SPEC-0001: joe-links Web Application

Overview

Joe Links is a self-hosted "go links" service — a riff on Go Links. It lets authenticated users create short, memorable slugs (e.g., jira, standup, onboarding) that redirect to long URLs. Visiting https://joe-links.example.com/jira instantly redirects the browser to whatever URL jira maps to. Users manage their own links; admins can manage any link.

The application is a Go-based server-rendered web app using HTMX for hypermedia interactions, DaisyUI/Tailwind for UI, a pluggable relational database backend with versioned migrations, and OIDC-based authentication with local user management and RBAC.

All environment variables are prefixed JOE_.

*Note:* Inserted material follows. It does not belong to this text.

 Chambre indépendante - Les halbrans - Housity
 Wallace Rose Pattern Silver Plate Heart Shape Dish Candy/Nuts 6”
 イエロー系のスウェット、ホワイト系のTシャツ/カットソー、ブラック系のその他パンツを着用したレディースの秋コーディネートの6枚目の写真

See 📝 ADR-0001 (Technology Stack), 📝 ADR-0002 (Database), 📝 ADR-0003 (AuthN/AuthZ), 📝 ADR-0004 (CLI Framework).


Requirements

Requirement: CLI Entrypoint

The application MUST be structured as a Cobra CLI with Viper configuration. The root command MUST be joe-links. Viper MUST use JOE_ as its environment variable prefix so that all config is read from JOE_-namespaced env vars. At minimum two subcommands MUST be provided:

  • joe-links serve — runs pending migrations then starts the HTTP server
  • joe-links migrate — runs pending migrations and exits (for init-container use)

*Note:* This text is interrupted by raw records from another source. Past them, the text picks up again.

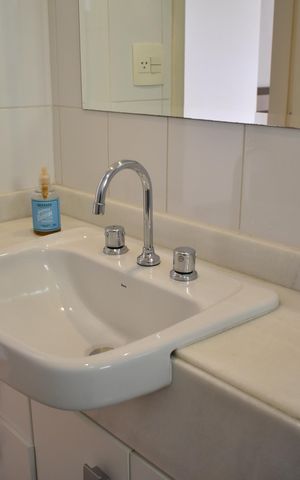 Apartamento à venda com 107m², 3 quartos e 2 vagasBanheiro da Suíte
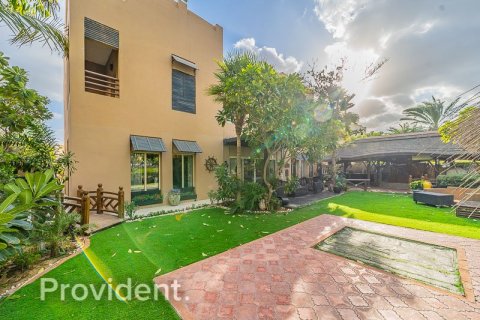 Villa in Meadows, Dubai 6 bedrooms, 877.1 sq.m. № 2625 - photo 3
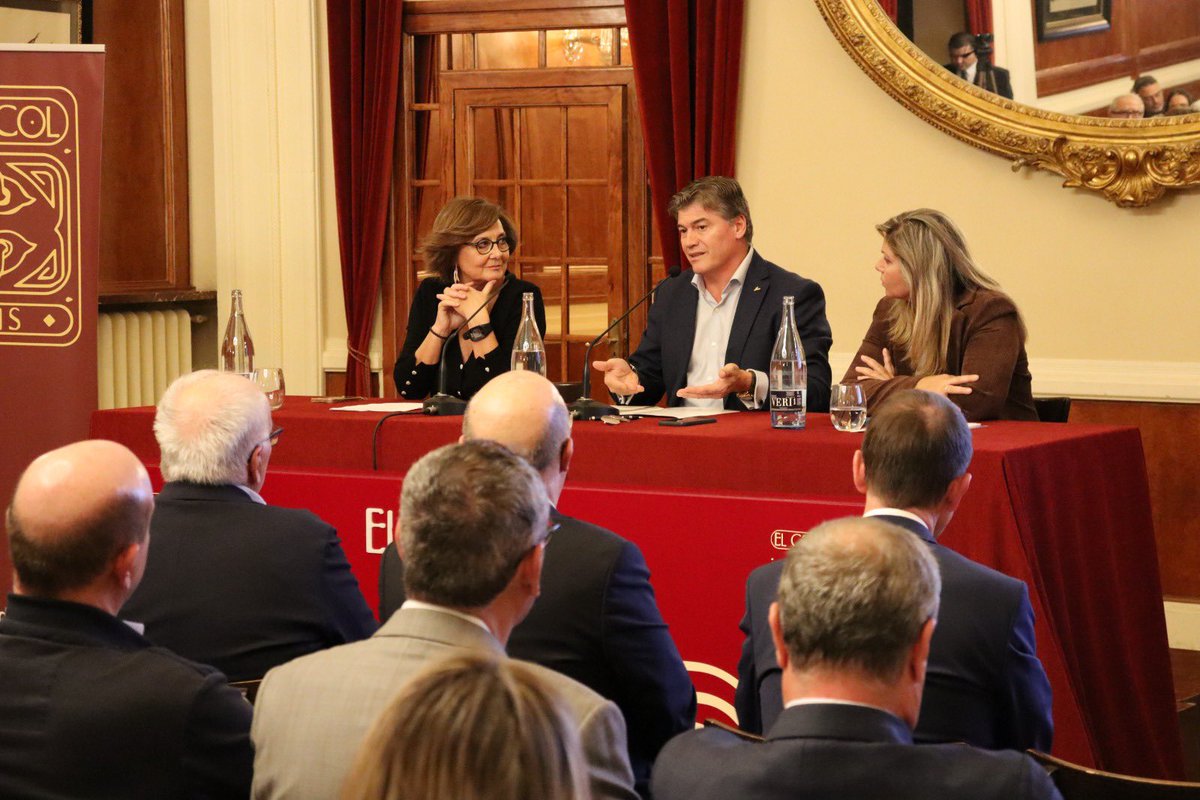 ElCircolReus's tweet photo. Avui, conferència molt enriquidora a #ElCírcol a càrrec de @AntoniCanete, president de @PIMEC👏. Parlant de la importància de les #pimes i de la seva competitivitat en el creixement econòmic del país. https://t.co/qZqqRAqvz7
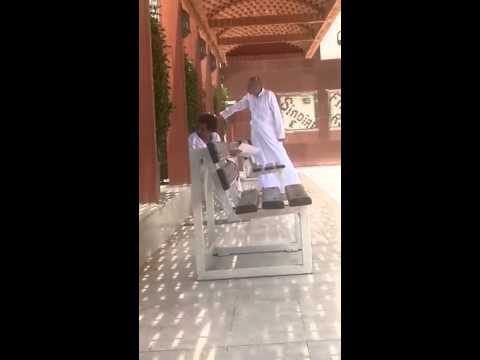 شاهد مريض يصيب العاملين في مستشفى بحالة ذعر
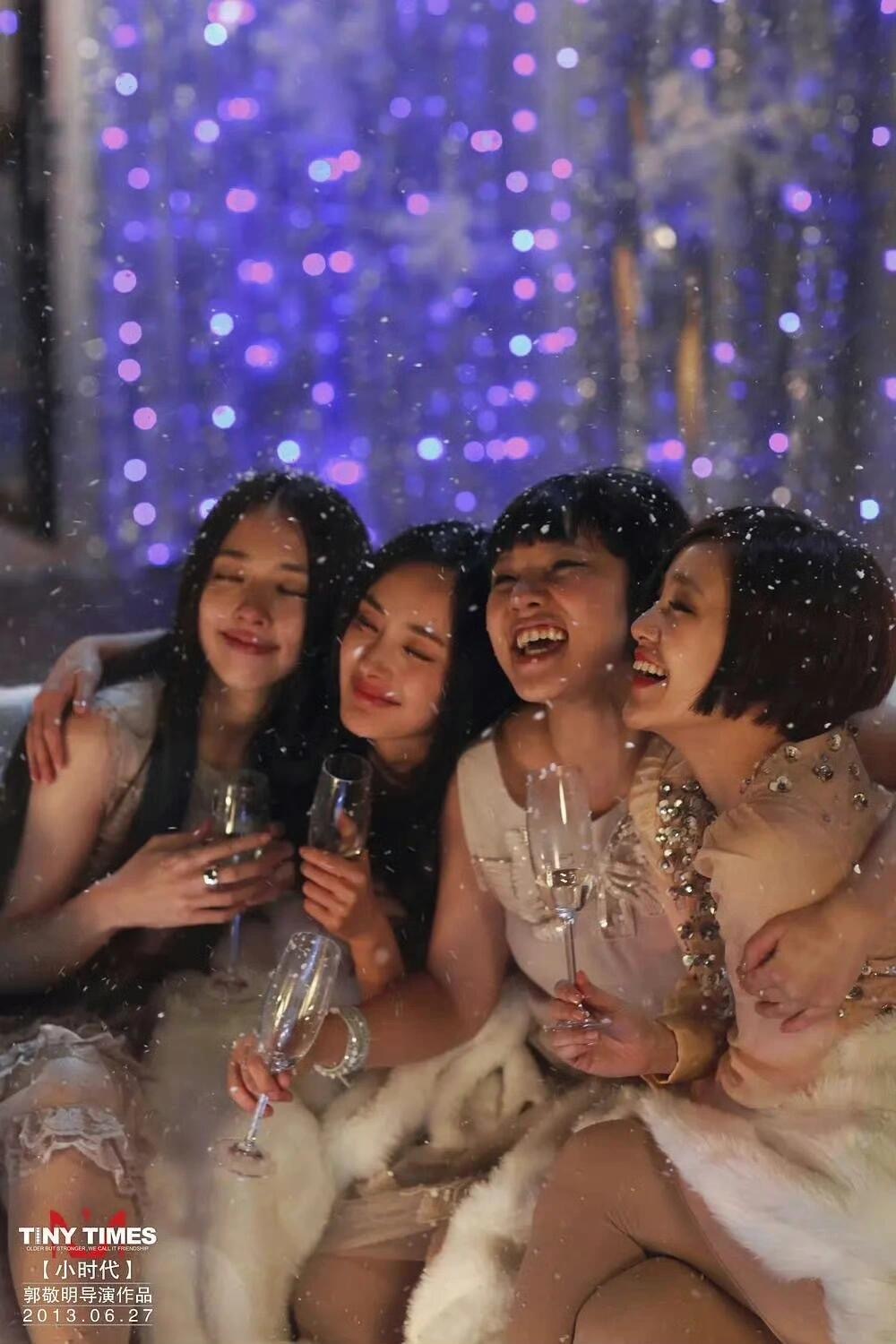 谢依霖用郭碧婷送的杯子装酱油果然是我们时代姐妹花～谢依霖把郭碧婷送的结婚礼物杯子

An optional config file (joe-links.yaml) SHOULD be supported for local development.

Scenario: Serve Command Startup

  • WHEN joe-links serve is executed with valid configuration
  • THEN pending migrations MUST be applied and the HTTP server MUST begin accepting requests

Scenario: Migrate Command

  • WHEN joe-links migrate is executed
  • THEN all pending migrations MUST be applied and the process MUST exit with code 0 on success

Scenario: Missing Required Configuration

  • WHEN a required environment variable (e.g., JOE_DB_DSN) is absent at startup
  • THEN the command MUST log a descriptive error and exit with a non-zero status code

Requirement: Go HTTP Server

The HTTP server MUST be implemented in Go using a net/http-compatible router. The bind address MUST be configurable via JOE_HTTP_ADDR (default :8080). The compiled binary MUST embed all static assets, templates, and migration files so that no external files are required at runtime.

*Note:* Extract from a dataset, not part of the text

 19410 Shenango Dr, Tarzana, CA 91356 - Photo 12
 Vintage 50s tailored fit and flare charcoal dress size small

Scenario: Default Bind Address

  • WHEN JOE_HTTP_ADDR is not set
  • THEN the server MUST listen on :8080

Scenario: Custom Bind Address

  • WHEN JOE_HTTP_ADDR=0.0.0.0:9000 is set
  • THEN the server MUST listen on 0.0.0.0:9000

This is the core feature. The application MUST resolve short link slugs by redirecting the browser to the target URL. A request to /{slug} MUST look up the slug in the database and issue a 302 Found redirect to the stored URL. The following path prefixes MUST be reserved and MUST NOT be valid slugs: auth, static, dashboard, admin. If a slug is not found, the application MUST return a friendly 404 page.

Scenario: Valid Slug

  • WHEN a request arrives at /{slug} and the slug exists in the database
  • THEN the server MUST respond with 302 Found and a Location header pointing to the stored URL

Scenario: Unknown Slug

  • WHEN a request arrives at /{slug} and no matching slug exists
  • THEN the server MUST respond with a 404 page that includes a prompt to create the link

Scenario: Reserved Path

  • WHEN a request arrives at a reserved prefix path (e.g., /auth/login, /static/css/app.css)
  • THEN the reserved route handler MUST take precedence and the slug resolver MUST NOT be invoked

Authenticated users MUST be able to create, view, edit, and delete their own short links via a dashboard UI. Each link MUST have: id, slug (unique, URL-safe), url (the redirect target), owner_id (FK to users.id), description (optional), created_at, updated_at. The slug MUST match the pattern [a-z0-9][a-z0-9\-]*[a-z0-9] (lowercase alphanumeric and hyphens, not starting or ending with a hyphen; single-character slugs of [a-z0-9] are also valid). Slugs MUST be globally unique. A user MUST NOT be able to edit or delete links owned by another user unless they have the admin role.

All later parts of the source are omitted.